--- START ---

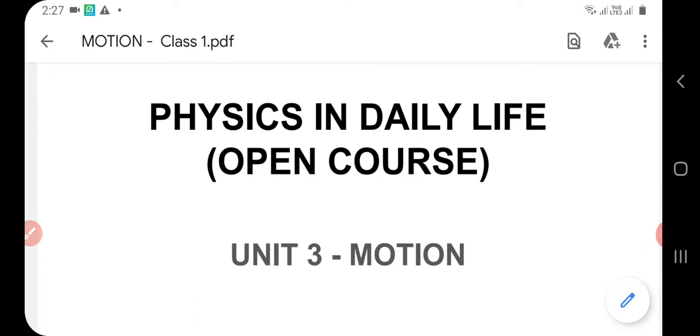Good morning. I am Dr. Urmula, Assistant Professor, Department of Physics. I will be teaching you the open course Physics in Daily Life. It has three modules; I will be teaching Module Two, which has two units: Unit Three - Motion, and Unit Four - Electricity. Today we will begin with Unit Three: Motion.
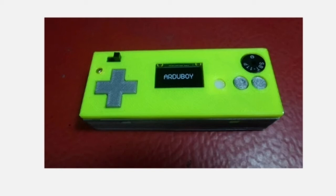Someone even added a crank mod to it. This device can be loaded with classic 8-bit games or you could even create your own games.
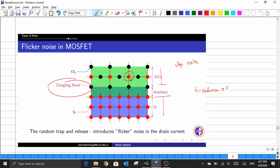At the interface between the two different mediums, some silicon atoms are left with incomplete bonds. These incomplete bonds act as traps where charges flowing between the source and drain terminals become trapped during current flow. These trapped charges are then released at later times, and this random trapping and releasing mechanism introduces noise in the drain current flow.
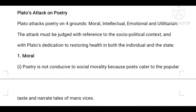Plato is dedicated to restoring health in both the individual and the state. In the time of ancient Athens, in Greece, the state was in a very bad condition due to political unrest and a flawed education system. This is why he dedicated himself to restoring the people — especially the individual and the state.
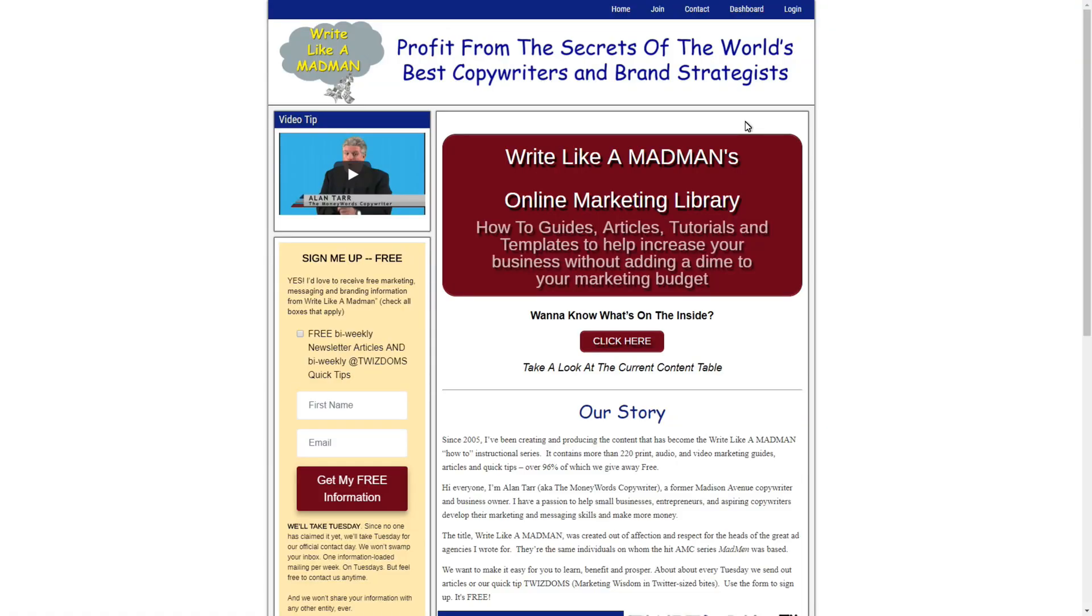Small business owners and entrepreneurs, is your writing killing your chances to get new customers? Now there's an easy way to write better.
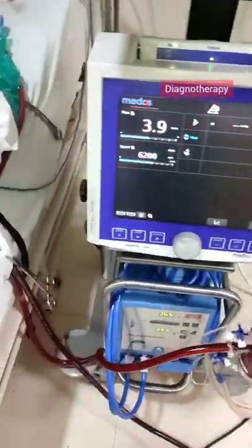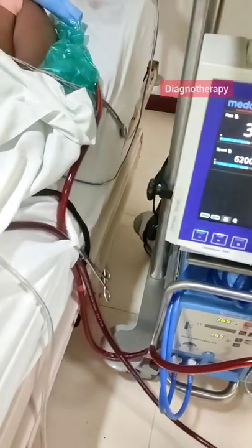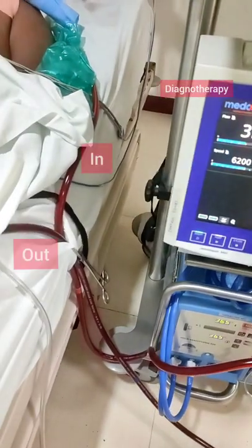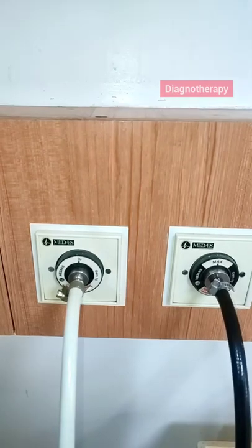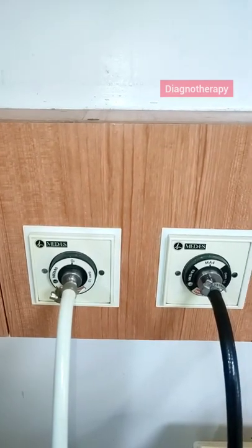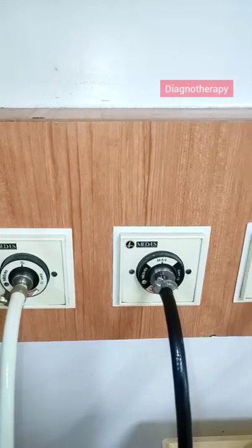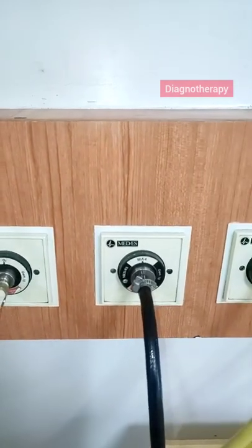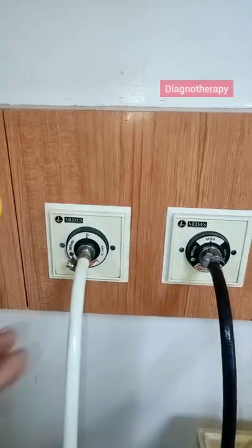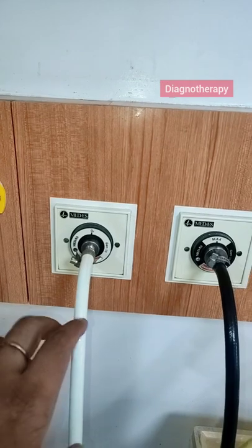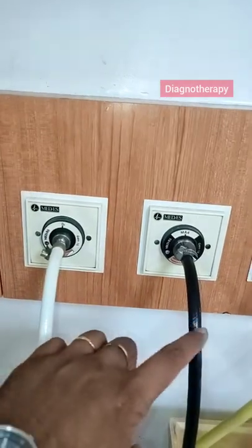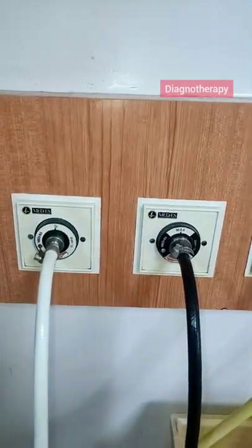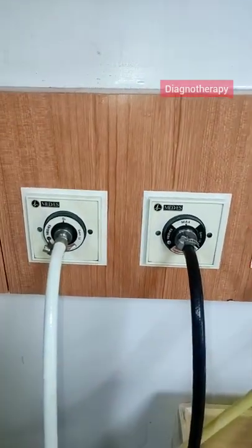From one tube the blood comes out and from one tube the blood goes inside the machine. This machine utilizes oxygen as well as air. We should ensure that both air and oxygen are collected properly and the pressures are equal.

--- END ---

TASK DETAILS: The lines to retype begin with the one containing "Small business owners" and end with the last line of the records. Reproduce them exactly and omit the pictures.

ANSWER BOX:
Small business owners and entrepreneurs, is your writing killing your chances to get new customers? Now there's an easy way to write better.
From one tube the blood comes out and from one tube the blood goes inside the machine. This machine utilizes oxygen as well as air. We should ensure that both air and oxygen are collected properly and the pressures are equal.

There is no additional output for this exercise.